▸ **WORK ITEM**
Using the listing below, set down exactly the lines starting at the line that contains "Remembering the 1968" and ending at the line that contains "2013 Honda Pilot SL 2WD 4-cyl Automatic", both included, and no others.
═══ DATASET RECORDS ═══
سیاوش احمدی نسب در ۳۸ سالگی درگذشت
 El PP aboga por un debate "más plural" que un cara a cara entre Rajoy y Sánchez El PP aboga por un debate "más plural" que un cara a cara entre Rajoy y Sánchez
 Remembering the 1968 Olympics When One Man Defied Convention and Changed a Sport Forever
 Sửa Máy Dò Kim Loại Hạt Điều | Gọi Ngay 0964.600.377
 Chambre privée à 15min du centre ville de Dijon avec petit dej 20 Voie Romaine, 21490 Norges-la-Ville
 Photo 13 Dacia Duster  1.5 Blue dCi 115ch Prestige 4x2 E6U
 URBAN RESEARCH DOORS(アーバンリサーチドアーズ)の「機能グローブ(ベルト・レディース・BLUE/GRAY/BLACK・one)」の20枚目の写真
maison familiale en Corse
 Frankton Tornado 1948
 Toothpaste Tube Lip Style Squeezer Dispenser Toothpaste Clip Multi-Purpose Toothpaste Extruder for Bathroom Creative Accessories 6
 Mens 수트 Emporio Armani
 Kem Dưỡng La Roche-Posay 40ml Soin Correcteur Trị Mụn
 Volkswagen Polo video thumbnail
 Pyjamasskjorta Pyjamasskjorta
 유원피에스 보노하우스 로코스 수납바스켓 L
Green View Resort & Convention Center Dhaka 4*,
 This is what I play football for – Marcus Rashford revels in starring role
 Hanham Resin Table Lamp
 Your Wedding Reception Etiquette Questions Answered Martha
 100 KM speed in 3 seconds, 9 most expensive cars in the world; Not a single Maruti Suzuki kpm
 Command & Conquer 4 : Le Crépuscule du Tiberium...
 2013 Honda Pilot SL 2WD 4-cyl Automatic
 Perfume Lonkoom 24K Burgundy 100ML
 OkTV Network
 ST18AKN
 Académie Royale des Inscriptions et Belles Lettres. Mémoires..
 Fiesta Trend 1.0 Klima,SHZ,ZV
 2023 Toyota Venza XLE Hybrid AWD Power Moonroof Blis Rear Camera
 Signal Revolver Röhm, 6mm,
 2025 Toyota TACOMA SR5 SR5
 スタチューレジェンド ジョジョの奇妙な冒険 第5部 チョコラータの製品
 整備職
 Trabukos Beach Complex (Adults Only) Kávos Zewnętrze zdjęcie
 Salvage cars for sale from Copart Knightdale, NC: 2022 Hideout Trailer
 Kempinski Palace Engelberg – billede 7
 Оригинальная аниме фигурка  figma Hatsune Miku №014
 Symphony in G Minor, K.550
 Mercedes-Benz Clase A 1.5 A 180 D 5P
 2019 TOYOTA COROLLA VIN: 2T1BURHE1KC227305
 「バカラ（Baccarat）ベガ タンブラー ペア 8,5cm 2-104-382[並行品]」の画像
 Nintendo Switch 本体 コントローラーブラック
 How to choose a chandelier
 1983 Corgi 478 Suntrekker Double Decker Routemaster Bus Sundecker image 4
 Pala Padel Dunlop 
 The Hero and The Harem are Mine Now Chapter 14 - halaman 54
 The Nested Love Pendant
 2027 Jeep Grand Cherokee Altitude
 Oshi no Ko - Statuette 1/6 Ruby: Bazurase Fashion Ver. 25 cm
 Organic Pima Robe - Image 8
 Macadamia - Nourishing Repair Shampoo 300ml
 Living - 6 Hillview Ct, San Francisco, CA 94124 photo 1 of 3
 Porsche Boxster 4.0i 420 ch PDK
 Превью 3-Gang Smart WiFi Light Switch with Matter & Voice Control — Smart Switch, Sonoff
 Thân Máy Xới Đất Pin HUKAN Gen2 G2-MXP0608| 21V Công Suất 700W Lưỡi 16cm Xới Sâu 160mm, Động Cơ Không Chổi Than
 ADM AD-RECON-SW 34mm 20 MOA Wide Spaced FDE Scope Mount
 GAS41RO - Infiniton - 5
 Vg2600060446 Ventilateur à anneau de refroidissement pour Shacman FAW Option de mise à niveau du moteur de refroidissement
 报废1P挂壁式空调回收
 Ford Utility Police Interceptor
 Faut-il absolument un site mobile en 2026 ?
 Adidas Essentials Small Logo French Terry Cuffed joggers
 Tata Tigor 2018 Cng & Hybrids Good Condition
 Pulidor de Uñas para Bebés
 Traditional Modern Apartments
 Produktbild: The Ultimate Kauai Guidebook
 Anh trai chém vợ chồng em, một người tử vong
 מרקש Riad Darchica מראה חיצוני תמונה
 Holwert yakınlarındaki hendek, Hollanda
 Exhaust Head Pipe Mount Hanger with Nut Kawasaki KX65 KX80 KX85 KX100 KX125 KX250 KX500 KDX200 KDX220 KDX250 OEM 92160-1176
═══
▸ **TASK SOLUTION**
 Remembering the 1968 Olympics When One Man Defied Convention and Changed a Sport Forever
 Sửa Máy Dò Kim Loại Hạt Điều | Gọi Ngay 0964.600.377
 Chambre privée à 15min du centre ville de Dijon avec petit dej 20 Voie Romaine, 21490 Norges-la-Ville
 Photo 13 Dacia Duster  1.5 Blue dCi 115ch Prestige 4x2 E6U
 URBAN RESEARCH DOORS(アーバンリサーチドアーズ)の「機能グローブ(ベルト・レディース・BLUE/GRAY/BLACK・one)」の20枚目の写真
maison familiale en Corse
 Frankton Tornado 1948
 Toothpaste Tube Lip Style Squeezer Dispenser Toothpaste Clip Multi-Purpose Toothpaste Extruder for Bathroom Creative Accessories 6
 Mens 수트 Emporio Armani
 Kem Dưỡng La Roche-Posay 40ml Soin Correcteur Trị Mụn
 Volkswagen Polo video thumbnail
 Pyjamasskjorta Pyjamasskjorta
 유원피에스 보노하우스 로코스 수납바스켓 L
Green View Resort & Convention Center Dhaka 4*,
 This is what I play football for – Marcus Rashford revels in starring role
 Hanham Resin Table Lamp
 Your Wedding Reception Etiquette Questions Answered Martha
 100 KM speed in 3 seconds, 9 most expensive cars in the world; Not a single Maruti Suzuki kpm
 Command & Conquer 4 : Le Crépuscule du Tiberium...
 2013 Honda Pilot SL 2WD 4-cyl Automatic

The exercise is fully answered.